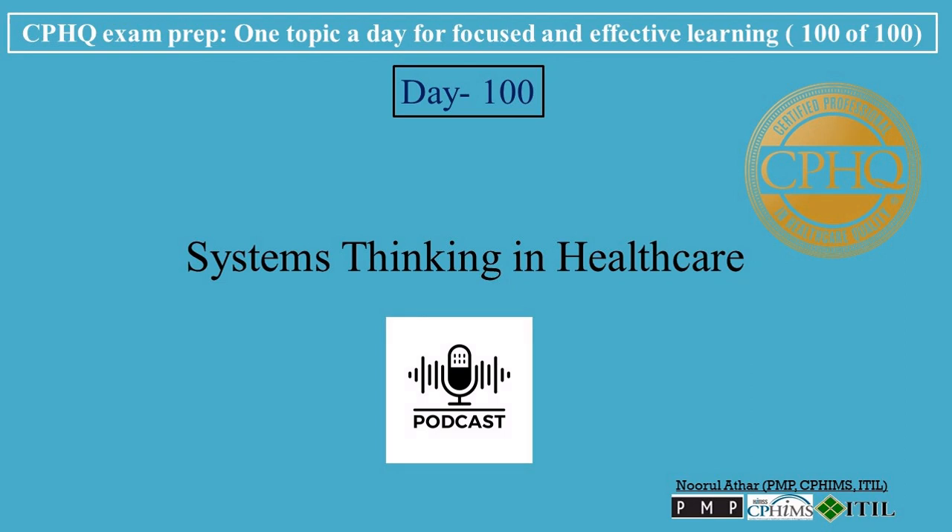Hi, welcome to Professional Certifications channel. Let's break down CPHU exam prep, one topic a day for focused and effective learning. Today's topic is Systems Thinking in Healthcare.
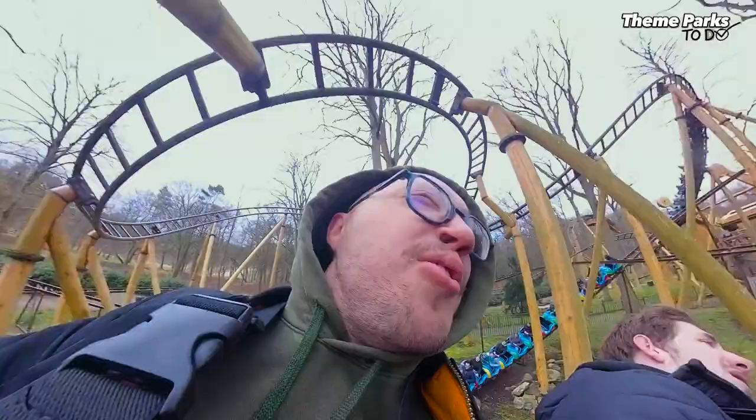So we just did the Kikkerbaan, or the Frog Coaster in English. It's a very rough Zierer Tivoli coaster. I'm really not a fan of these rides. I'm not sure why so many parks have them — it's probably a very cheap one. It really sucks. The trains are also very uncomfortable to sit in. Really don't like these rides.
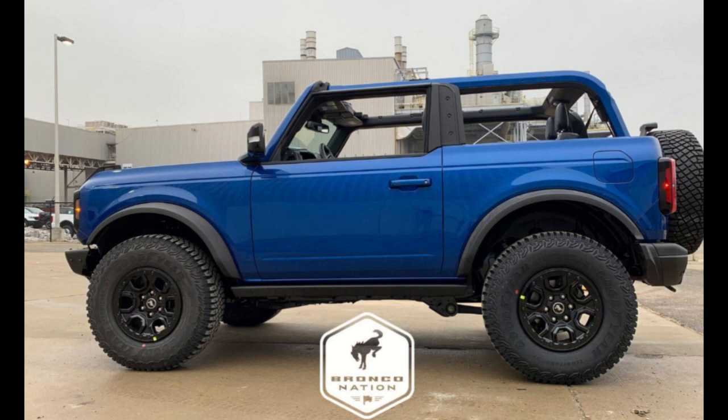At least we can be sure the folks at Dearborn are diligently preparing for an introduction of the new version. Bronco Warthog spotting cases have intensified as of lately. The latest one comes courtesy of a Reddit user and brings along a bundle of hints toward both the model's size and the possible powertrain.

• • •

## Your goal
Repeat the data word for word; drop the pictures.

## Expected answer
Hi, welcome to Professional Certifications channel. Let's break down CPHU exam prep, one topic a day for focused and effective learning. Today's topic is Systems Thinking in Healthcare.
So we just did the Kikkerbaan, or the Frog Coaster in English. It's a very rough Zierer Tivoli coaster. I'm really not a fan of these rides. I'm not sure why so many parks have them — it's probably a very cheap one. It really sucks. The trains are also very uncomfortable to sit in. Really don't like these rides.
At least we can be sure the folks at Dearborn are diligently preparing for an introduction of the new version. Bronco Warthog spotting cases have intensified as of lately. The latest one comes courtesy of a Reddit user and brings along a bundle of hints toward both the model's size and the possible powertrain.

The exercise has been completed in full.